◆ **Source material**:
****************
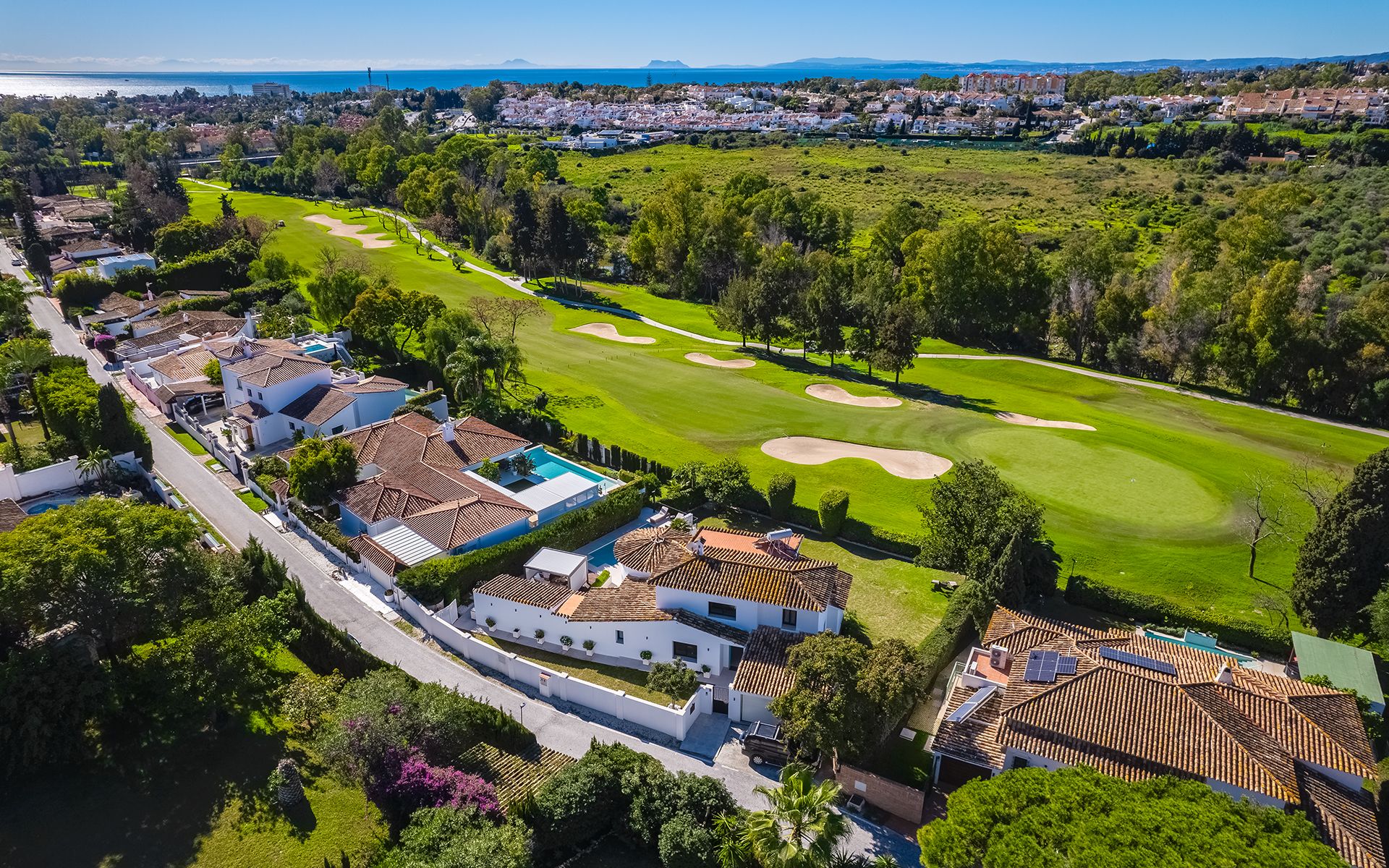 Aerial view of Guadalmina golf surroundings
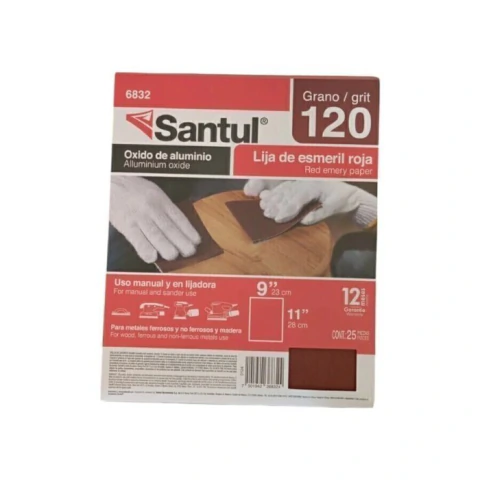 Lija de esmeril roja 120 Paq. 25 piezas Precio por pieza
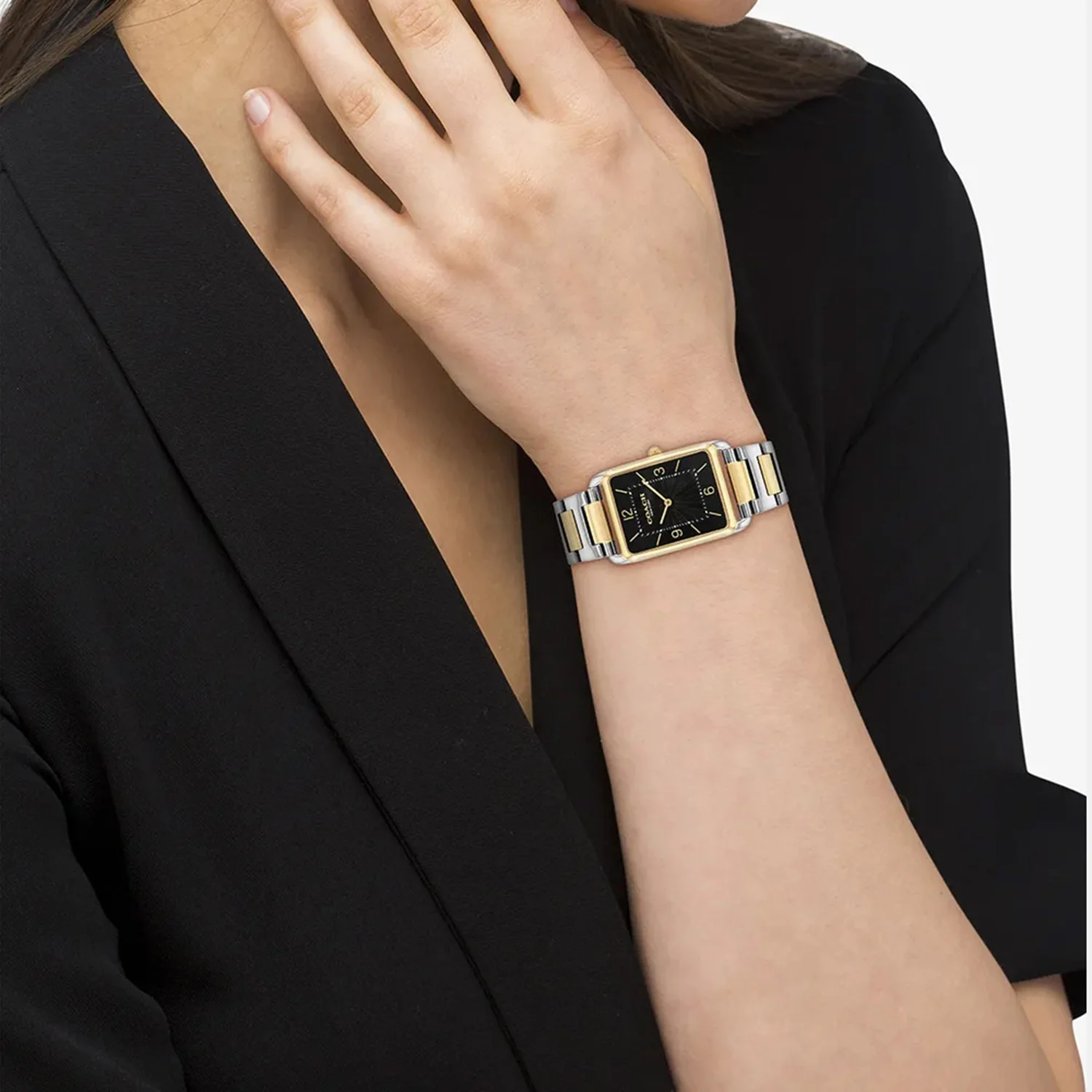 Unisex Quartz Black Dial Analog Stainless Steel Watch 14400050 - Image 5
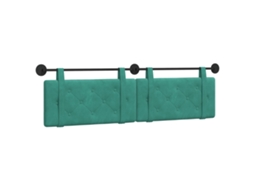 Conjunto 1 Cabeceira Suspensa Vidaxl Azul-turquesa Veludo (190 X 55 X 5 Cm)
****************
◆ **Aim of the exercise**:
The answer must be the data above, repeated exactly, with no pictures.

◆ **Written answer**:
 Aerial view of Guadalmina golf surroundings
 Lija de esmeril roja 120 Paq. 25 piezas Precio por pieza
 Unisex Quartz Black Dial Analog Stainless Steel Watch 14400050 - Image 5
 Conjunto 1 Cabeceira Suspensa Vidaxl Azul-turquesa Veludo (190 X 55 X 5 Cm)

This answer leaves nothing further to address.